The 2022 Hall of Fame Class: A Vote on Baseball’s Greatest Steroid Users

"Ken Griffey Jr. and Mike Piazza: Hall of Famers" by Arturo Pardavila III is licensed under CC BY 2.0

On January 25th, the new inductees into the Baseball Hall of Fame will be announced. This is the tenth and final year of eligibility for Barry Bonds, Roger Clemens, and Sammy Sosa, each of whom has a resume well-worthy of induction into Cooperstown that is sullied by connection to Performance Enhancing Drugs. This makes 2022 the critical moment of decision for the legacies of these three players. Voters are presented with a referendum, once and for all: should the greatest players of modern baseball who used PEDs be venerated in the Hall of Fame?

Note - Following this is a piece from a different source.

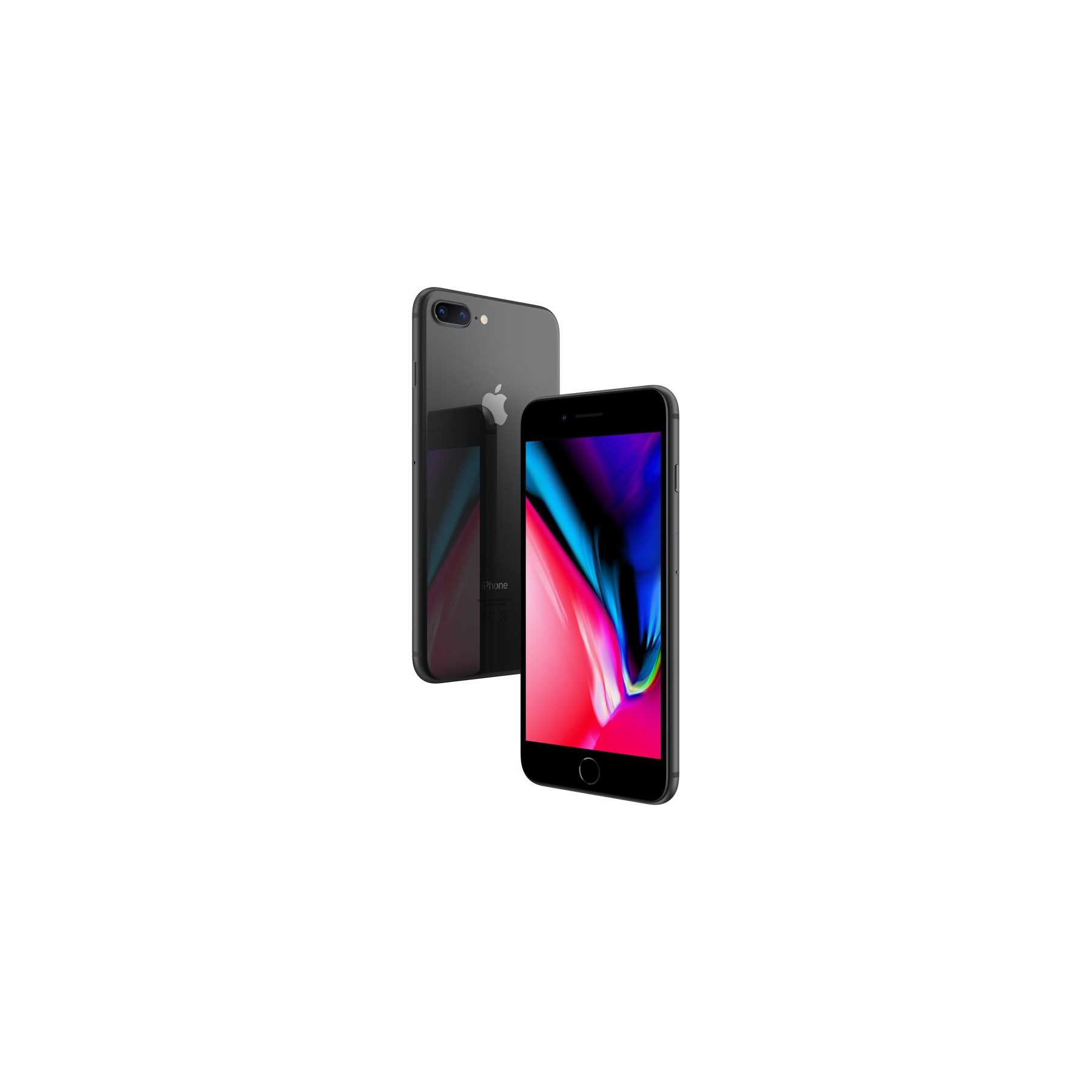 Smartphone APPLE iPhone 8 Plus Gris Sidéral 64 GO Reconditionné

Major League Baseball never gave a specific directive clarifying how PED users should be judged during their Hall of Fame candidacy. Rather, their legacies were left to the group of about four hundred baseball journalists and writers who vote to induct Hall of Famers each year.  The subjective discretion of this handful of writers determines these players’ legacies. A player needs 75% of the writers’ votes in one year to enter the Hall, or an unlikely selection from a veterans committee. Their name remains on the ballot for 10 years. 

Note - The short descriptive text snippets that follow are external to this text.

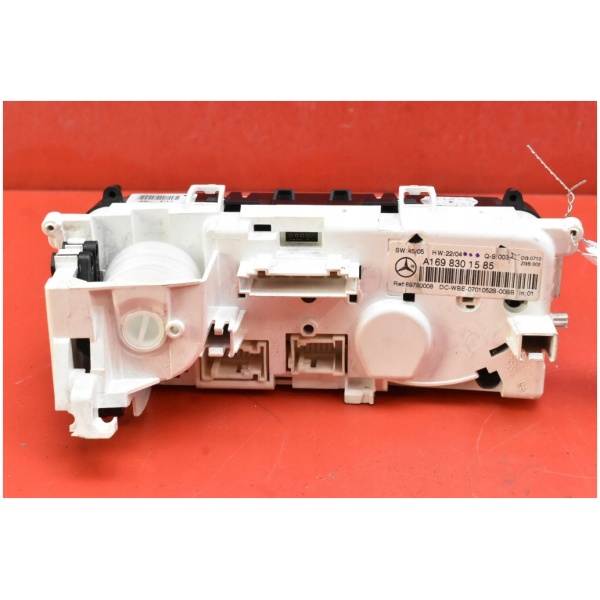 Ventilasjonspanel Mercedes A1698301585 - Bilde 4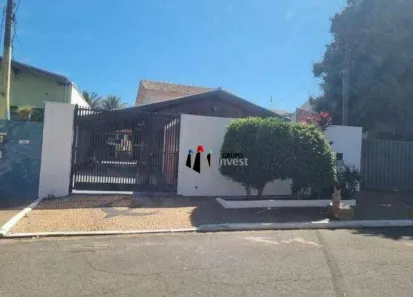 Casa com 3 Quartos à venda, 140m² no Jardim Santa Genebra II (Barão Geraldo), Campinas
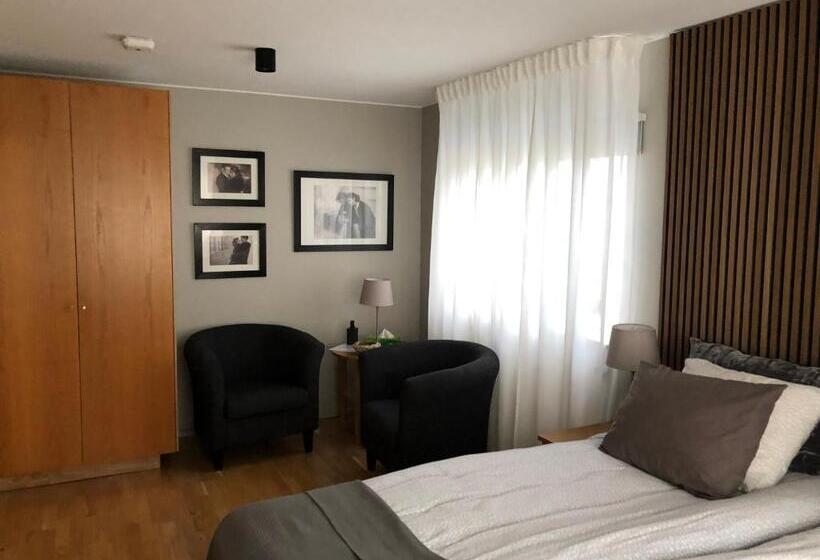 تختخواب و صبحانه A. Bernhard Guest House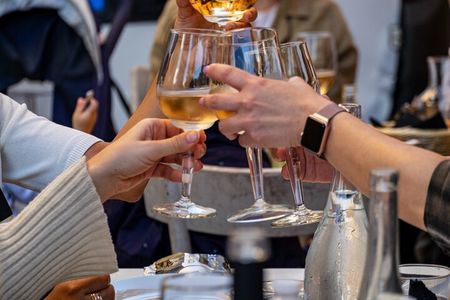 Half Day Afternoon Walking Food Tour with Dinner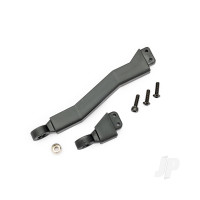 Hitch, boat trailer / 3x10mm BCS (Black stainless) (2) / 3x10mm CS (Black stainless) (1 pcs)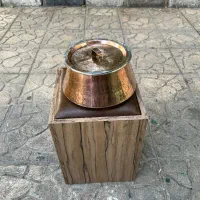 دیگ مینی مسی با در ضد سرقت
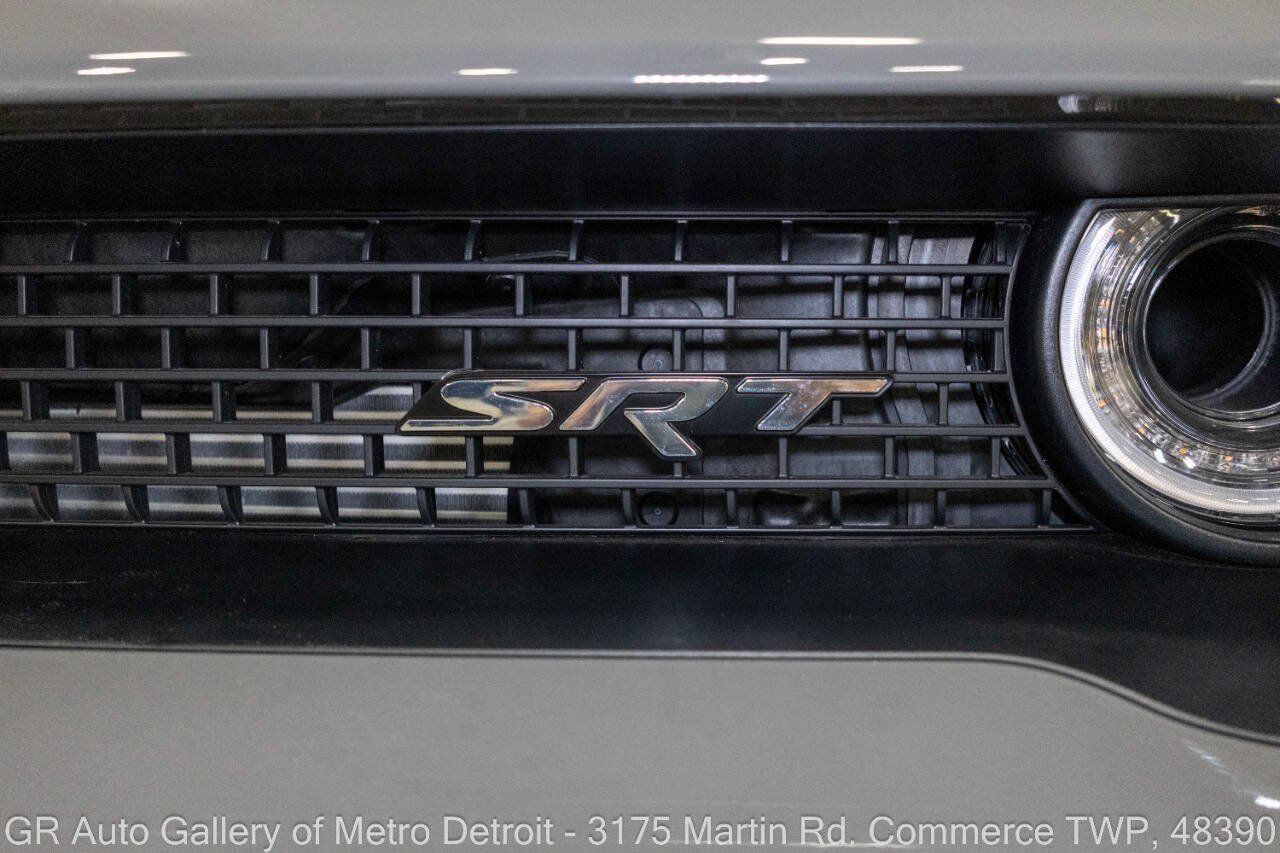 Used 2023 Dodge Challenger SRT Hellcat Redeye RWD image 25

In 2012, the voters saw the names of PED users Barry Bonds, Roger Clemens, and Sammy Sosa for the first time. For the past decade, they have been collectively procrastinating their verdict. A candidate’s tenth year on the ballot is effectively their conclusive judgment and many Hall of Famers don’t get inducted until this final year. Voters will delay the most difficult decisions until one’s final year of eligibility to let further perspectives and comparisons accumulate. One voter said they wanted to see the full landscape of the steroid-era before a final decision on Bonds and Clemens. Bonds, Clemens, and Sosa have been receiving enough votes to remain competitive candidates. Bonds and Clemens are extremely close at 61%, making 75% very attainable in their final year. 2022 is the moment of truth, where voters are conclusively forced to make their decision on modern baseball’s most important figures.

Voters have to grapple with the fact that Bonds, Clemens, and Sosa are not just generational stars, but some of the most statistically dominant players to have ever graced the diamond. Barry Bonds has hit the most Home Runs in baseball history and has won more than twice as many MVP awards as anyone else. Roger Clemens has the most Cy Young awards and has accumulated more Wins Above Replacement than any pitcher since 1927. Sammy Sosa is one of just nine players with 600 Home Runs. 

Without steroids these three would waltz into Cooperstown, likely in their first year. But there is substantial and irrefutable evidence that Bonds and Clemens built these godly resumes due to their use of steroids and other PEDs. Sosa, likewise, was on a list of players who tested positive for PEDs during 2003. These three stars became the public centre of baseball’s steroid scandal in the 1990’s and 2000’s and each has, at one point, had perjury or obstruction of justice charges levelled against them for lying about PED use in court. 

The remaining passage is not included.